Now, wildlife officials are trying to determine why the encounter with the cougar turned deadly.  This is the first fatal cougar attack in the state in nearly 100 years.

The cyclist killed has been identified as S.J. Brooks. His friend Isaac Sederbaum, who managed to escape the big cat's jaws, is recovering at Harborview Medical Center.

KIRO 7 spoke on the phone with Sederbaum's grandmother in New York state. She said the family is concerned about any diseases the cougar might have had.

The family is grateful for the care Sederbaum is receiving and the fact that he is recovering at Harborview.
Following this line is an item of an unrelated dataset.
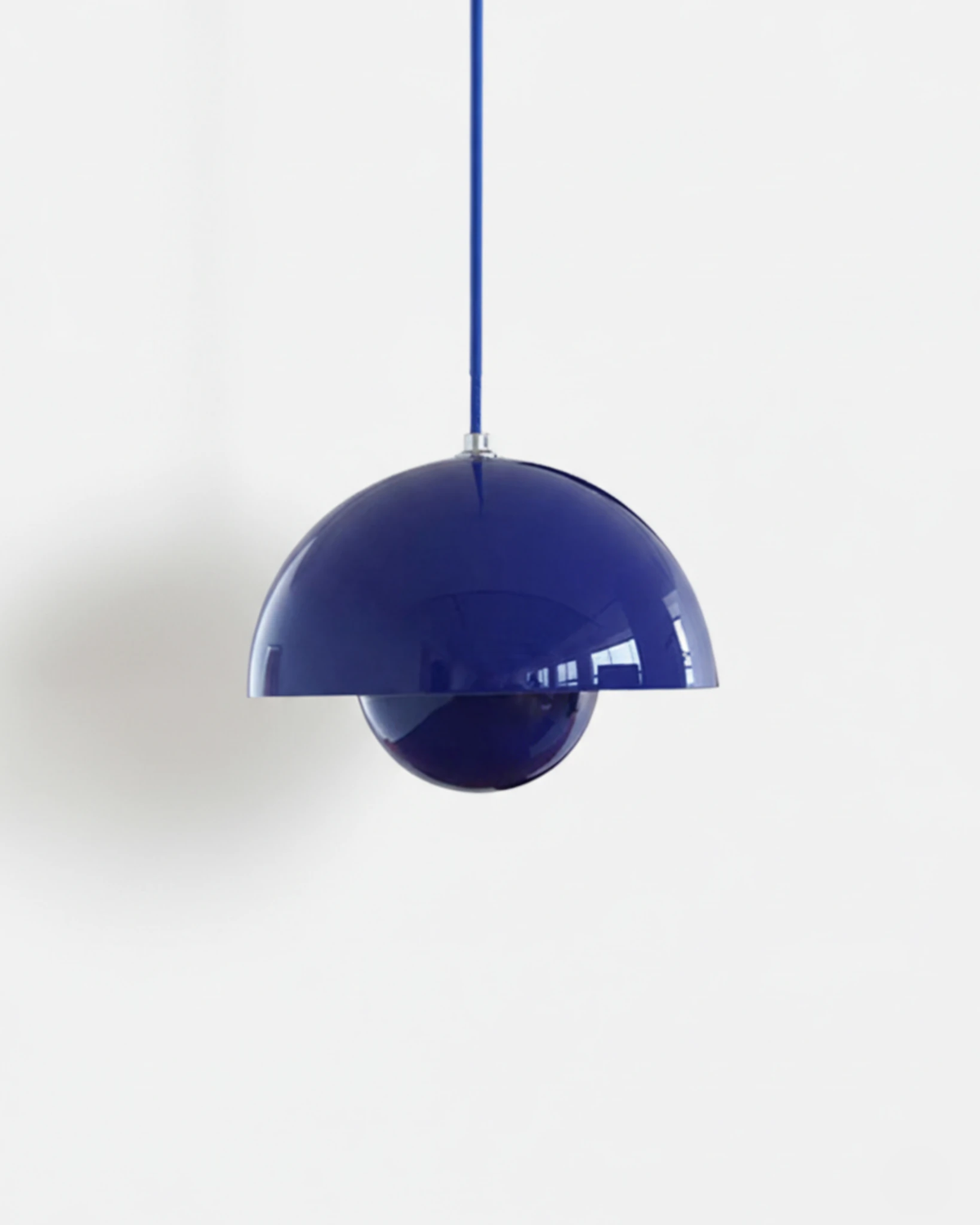 Modern pendant light ALTO No.01, medium 9 in, nested hemispheres in cobalt blue lacquer on a white background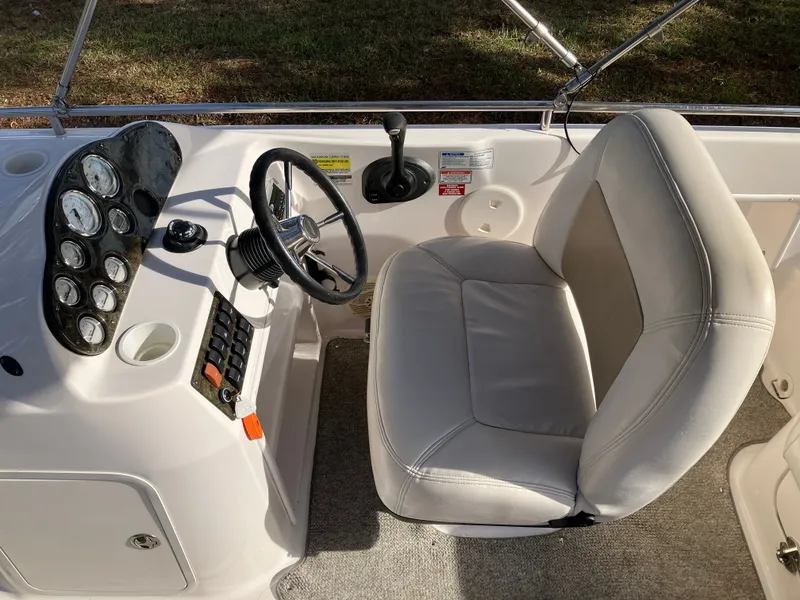 Slide: The Image of Interior of a 2004 Hurricane 201 GS boat with steering console. - 13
But the news of the attack is devastating to those who know both men, especially the man who died.

Tyler Gillies was hard at work at G & O Family Cyclery shop in Greenwood the day after the unimaginable tragedy took place. He knew and worked with S.J. Brooks for a couple of years and grew to be a dear friend.

"He moved out here from Boston not too long ago and he just ate it up out here, loved the Pacific Northwest, outdoors," Gillies said.

Gillies said Brooks was an avid cyclist and had been leading cycling trips for the last year. Therefore he would have been familiar with the Lake Hancock forest area where he and Sederbaum were riding yesterday.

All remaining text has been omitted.